Data records
━━━━

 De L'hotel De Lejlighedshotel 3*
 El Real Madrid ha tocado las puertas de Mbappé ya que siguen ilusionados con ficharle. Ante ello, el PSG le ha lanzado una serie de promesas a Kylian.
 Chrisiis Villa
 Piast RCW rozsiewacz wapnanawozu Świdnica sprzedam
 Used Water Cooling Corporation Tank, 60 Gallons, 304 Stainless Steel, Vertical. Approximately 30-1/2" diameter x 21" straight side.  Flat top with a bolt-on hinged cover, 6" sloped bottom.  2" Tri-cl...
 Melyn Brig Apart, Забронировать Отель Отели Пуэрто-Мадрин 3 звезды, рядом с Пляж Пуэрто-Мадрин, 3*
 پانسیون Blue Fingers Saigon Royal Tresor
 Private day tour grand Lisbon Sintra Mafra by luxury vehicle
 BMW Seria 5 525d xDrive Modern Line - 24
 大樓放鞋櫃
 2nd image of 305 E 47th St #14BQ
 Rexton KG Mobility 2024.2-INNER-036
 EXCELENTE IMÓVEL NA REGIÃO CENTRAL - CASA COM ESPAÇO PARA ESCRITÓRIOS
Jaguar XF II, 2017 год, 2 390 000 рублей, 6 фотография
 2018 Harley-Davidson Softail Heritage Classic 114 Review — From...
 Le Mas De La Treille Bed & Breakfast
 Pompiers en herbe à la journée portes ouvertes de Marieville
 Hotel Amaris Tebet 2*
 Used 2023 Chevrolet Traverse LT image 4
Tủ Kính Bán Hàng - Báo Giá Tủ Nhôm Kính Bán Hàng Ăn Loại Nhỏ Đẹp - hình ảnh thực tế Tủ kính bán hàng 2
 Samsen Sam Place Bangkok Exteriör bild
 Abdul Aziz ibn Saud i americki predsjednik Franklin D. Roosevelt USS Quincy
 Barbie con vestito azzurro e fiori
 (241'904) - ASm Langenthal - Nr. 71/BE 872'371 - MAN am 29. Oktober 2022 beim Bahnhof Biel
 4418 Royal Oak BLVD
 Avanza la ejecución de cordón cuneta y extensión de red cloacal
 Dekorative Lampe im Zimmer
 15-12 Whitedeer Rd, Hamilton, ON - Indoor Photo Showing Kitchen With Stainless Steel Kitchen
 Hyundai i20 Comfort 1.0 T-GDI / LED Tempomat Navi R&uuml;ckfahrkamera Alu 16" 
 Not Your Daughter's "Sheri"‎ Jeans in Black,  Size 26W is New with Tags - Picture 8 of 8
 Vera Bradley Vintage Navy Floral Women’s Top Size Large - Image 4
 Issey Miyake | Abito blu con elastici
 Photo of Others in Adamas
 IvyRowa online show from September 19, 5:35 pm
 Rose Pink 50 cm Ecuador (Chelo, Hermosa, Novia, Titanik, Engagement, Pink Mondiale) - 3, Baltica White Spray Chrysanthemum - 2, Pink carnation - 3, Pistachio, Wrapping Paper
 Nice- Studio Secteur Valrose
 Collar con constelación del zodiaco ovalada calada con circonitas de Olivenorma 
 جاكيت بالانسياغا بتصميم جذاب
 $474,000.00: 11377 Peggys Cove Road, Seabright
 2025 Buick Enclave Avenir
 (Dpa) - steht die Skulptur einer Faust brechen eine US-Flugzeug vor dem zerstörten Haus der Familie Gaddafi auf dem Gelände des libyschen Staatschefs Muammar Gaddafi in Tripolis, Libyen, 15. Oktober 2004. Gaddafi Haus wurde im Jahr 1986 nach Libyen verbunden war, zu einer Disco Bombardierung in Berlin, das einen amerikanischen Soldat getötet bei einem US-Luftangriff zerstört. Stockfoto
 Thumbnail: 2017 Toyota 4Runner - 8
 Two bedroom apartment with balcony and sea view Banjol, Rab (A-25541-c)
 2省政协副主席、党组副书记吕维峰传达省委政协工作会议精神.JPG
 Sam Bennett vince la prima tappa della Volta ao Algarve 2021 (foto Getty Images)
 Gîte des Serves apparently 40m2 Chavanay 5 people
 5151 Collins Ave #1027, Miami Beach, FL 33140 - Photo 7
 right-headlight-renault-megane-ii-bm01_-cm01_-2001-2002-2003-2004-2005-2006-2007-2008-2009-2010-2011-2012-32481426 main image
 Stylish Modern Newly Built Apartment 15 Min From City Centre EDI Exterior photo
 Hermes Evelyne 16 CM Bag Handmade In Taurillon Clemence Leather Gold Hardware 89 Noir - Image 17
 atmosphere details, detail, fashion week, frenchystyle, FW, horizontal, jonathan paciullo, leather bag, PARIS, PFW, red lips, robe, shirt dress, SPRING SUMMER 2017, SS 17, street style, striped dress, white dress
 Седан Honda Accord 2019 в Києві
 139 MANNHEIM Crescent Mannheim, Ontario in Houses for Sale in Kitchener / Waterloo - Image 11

━━━━

## ABOUT THIS TASK
In the lines above, find the word "Size" and copy each line that contains it.

## RESPONSE TO THIS TASK
 Not Your Daughter's "Sheri"‎ Jeans in Black,  Size 26W is New with Tags - Picture 8 of 8
 Vera Bradley Vintage Navy Floral Women’s Top Size Large - Image 4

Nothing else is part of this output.